* [Data provided]:
______________________________

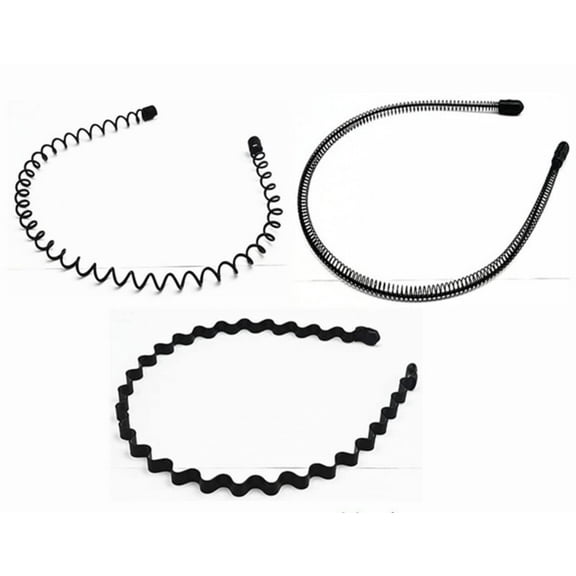 Metal Hair Band Wavy Headband: Men Women's Unisex Black Wavy Spring Sports Headbands for Men's Hair Band Hoop Clips Women Accessories Simple Elastic Non Slip Wide Headwear Bandeau Outdoor (3pcs/set)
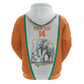 Custom Ivory Coast Football Zip Hoodie 2026 Cote d'Ivoire Les Elephants White Version - African Pride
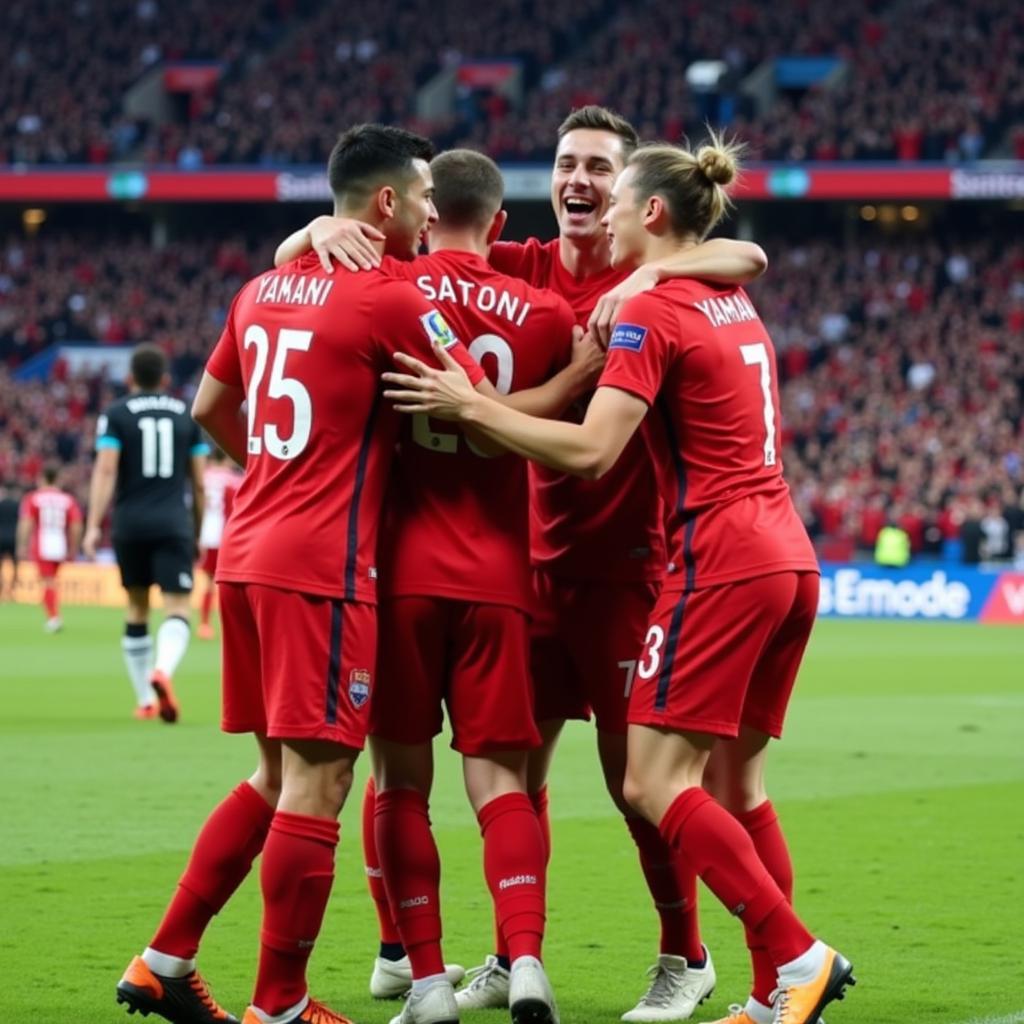 Yamal celebrating a goal with his teammates, demonstrating camaraderie and sportsmanship.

______________________________

* [Work request]: Would you reproduce the lines from the one with "Custom Ivory Coast" through the final line of the data above, exactly and only those, without any pictures?

* [Exercise result]:
 Custom Ivory Coast Football Zip Hoodie 2026 Cote d'Ivoire Les Elephants White Version - African Pride
 Yamal celebrating a goal with his teammates, demonstrating camaraderie and sportsmanship.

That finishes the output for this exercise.